## What the exercise asks
Once the line containing "2002 BMW 3 Series" is found in the records below, return it and each following line exactly, up to and including the line containing "living room featuring light", and nothing else.

(Short web captions)

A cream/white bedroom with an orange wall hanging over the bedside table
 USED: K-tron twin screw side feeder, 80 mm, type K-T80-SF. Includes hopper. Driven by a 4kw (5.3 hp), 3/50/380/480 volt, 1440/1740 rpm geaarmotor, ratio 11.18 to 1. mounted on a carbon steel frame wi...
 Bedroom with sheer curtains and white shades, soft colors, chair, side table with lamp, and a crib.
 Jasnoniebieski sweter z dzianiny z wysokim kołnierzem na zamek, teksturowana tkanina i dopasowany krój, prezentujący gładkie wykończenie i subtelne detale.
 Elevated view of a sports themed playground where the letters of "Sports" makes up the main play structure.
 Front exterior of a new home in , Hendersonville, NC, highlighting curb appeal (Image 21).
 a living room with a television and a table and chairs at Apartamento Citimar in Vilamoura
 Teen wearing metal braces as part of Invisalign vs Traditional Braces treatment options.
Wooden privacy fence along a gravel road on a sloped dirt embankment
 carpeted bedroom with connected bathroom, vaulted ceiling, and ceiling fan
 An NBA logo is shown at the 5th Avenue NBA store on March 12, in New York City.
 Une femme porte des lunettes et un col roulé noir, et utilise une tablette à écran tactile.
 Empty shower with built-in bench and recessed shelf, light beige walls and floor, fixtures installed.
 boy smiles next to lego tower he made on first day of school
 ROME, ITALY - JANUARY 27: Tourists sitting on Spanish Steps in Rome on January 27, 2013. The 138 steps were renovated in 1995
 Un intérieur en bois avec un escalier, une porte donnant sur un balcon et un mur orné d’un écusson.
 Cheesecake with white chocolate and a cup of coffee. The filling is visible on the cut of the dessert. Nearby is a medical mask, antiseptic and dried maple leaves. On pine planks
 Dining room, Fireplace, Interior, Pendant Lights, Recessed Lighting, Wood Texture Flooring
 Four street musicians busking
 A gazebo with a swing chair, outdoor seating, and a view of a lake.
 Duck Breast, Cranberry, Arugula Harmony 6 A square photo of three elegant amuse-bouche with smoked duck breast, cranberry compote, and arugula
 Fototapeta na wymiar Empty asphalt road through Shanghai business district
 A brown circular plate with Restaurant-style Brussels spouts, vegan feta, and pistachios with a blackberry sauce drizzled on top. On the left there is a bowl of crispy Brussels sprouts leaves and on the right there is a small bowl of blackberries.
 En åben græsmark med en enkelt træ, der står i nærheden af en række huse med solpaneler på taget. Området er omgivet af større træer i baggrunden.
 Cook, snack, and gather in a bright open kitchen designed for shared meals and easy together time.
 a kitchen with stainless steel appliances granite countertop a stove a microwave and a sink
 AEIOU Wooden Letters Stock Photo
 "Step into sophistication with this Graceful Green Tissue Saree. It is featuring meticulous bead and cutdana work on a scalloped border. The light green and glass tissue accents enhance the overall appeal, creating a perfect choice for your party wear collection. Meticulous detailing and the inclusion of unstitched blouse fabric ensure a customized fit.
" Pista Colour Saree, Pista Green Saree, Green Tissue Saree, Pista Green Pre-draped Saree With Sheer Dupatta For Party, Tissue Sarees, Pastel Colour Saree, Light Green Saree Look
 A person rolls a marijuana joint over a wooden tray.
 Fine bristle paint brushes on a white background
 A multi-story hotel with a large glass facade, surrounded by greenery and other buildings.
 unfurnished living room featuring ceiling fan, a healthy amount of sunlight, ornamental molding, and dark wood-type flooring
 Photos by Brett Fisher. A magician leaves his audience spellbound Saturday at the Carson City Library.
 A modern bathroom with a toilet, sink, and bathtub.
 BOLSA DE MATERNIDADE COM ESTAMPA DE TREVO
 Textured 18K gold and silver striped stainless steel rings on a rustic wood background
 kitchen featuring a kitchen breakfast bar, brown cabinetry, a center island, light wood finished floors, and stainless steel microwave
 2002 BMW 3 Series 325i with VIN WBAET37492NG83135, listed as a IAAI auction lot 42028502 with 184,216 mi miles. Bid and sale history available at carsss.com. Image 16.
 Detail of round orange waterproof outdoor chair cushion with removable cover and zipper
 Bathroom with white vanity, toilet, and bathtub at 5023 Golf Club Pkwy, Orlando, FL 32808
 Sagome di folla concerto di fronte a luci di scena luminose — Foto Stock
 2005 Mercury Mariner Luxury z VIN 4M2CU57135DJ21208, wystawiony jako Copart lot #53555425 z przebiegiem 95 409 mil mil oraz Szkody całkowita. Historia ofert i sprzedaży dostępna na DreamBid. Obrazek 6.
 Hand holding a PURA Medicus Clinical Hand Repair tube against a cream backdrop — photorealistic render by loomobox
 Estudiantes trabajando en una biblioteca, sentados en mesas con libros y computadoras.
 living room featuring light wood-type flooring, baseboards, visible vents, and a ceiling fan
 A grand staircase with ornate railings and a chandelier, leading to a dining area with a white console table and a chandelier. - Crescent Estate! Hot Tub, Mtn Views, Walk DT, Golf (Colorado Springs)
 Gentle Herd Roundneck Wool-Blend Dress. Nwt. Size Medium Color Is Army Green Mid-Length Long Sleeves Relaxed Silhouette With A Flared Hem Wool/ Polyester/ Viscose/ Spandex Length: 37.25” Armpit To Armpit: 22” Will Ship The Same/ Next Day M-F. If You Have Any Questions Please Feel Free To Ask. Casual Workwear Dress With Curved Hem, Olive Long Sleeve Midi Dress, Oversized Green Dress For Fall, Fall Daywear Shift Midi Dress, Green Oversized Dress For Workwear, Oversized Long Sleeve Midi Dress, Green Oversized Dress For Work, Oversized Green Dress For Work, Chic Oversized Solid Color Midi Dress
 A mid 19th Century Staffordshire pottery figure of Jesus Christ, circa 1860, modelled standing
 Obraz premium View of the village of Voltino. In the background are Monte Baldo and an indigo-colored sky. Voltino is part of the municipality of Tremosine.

## Task response
 2002 BMW 3 Series 325i with VIN WBAET37492NG83135, listed as a IAAI auction lot 42028502 with 184,216 mi miles. Bid and sale history available at carsss.com. Image 16.
 Detail of round orange waterproof outdoor chair cushion with removable cover and zipper
 Bathroom with white vanity, toilet, and bathtub at 5023 Golf Club Pkwy, Orlando, FL 32808
 Sagome di folla concerto di fronte a luci di scena luminose — Foto Stock
 2005 Mercury Mariner Luxury z VIN 4M2CU57135DJ21208, wystawiony jako Copart lot #53555425 z przebiegiem 95 409 mil mil oraz Szkody całkowita. Historia ofert i sprzedaży dostępna na DreamBid. Obrazek 6.
 Hand holding a PURA Medicus Clinical Hand Repair tube against a cream backdrop — photorealistic render by loomobox
 Estudiantes trabajando en una biblioteca, sentados en mesas con libros y computadoras.
 living room featuring light wood-type flooring, baseboards, visible vents, and a ceiling fan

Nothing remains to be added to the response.